* EXTRACTED RECORDS:
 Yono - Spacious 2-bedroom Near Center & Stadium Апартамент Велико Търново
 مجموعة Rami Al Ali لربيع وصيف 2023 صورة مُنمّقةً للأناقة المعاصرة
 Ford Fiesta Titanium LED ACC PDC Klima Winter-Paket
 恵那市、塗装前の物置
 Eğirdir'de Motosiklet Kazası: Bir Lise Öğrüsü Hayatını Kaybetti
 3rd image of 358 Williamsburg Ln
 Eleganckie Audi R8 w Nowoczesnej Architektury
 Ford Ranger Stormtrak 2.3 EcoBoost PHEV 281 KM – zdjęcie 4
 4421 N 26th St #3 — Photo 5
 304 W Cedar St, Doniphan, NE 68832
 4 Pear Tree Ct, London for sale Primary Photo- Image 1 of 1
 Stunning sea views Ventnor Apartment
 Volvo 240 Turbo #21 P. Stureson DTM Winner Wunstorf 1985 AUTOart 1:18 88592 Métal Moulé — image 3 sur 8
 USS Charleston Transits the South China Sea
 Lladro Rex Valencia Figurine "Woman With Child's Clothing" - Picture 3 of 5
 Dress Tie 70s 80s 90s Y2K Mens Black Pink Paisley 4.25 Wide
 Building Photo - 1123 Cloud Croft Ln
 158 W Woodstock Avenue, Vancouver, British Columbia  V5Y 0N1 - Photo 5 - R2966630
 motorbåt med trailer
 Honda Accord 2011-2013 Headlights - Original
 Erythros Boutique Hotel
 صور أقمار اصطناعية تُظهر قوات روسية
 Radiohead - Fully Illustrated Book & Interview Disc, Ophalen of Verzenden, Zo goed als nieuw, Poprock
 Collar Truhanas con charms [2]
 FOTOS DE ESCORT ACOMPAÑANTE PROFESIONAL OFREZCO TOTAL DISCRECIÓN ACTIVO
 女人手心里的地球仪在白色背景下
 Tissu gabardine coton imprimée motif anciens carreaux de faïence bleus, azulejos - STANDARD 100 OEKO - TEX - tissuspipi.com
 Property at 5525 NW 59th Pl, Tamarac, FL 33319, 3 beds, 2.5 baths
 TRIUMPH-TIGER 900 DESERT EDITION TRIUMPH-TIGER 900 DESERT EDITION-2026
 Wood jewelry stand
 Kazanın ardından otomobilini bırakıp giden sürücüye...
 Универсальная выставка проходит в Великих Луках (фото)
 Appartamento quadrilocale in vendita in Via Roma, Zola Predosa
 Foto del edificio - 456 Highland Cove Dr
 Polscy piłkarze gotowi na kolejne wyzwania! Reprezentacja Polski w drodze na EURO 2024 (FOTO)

* TRY IT:
Wherever the string "Ford" appears in the data above, report the whole line.

* EXERCISE RESPONSE:
 Ford Fiesta Titanium LED ACC PDC Klima Winter-Paket
 Ford Ranger Stormtrak 2.3 EcoBoost PHEV 281 KM – zdjęcie 4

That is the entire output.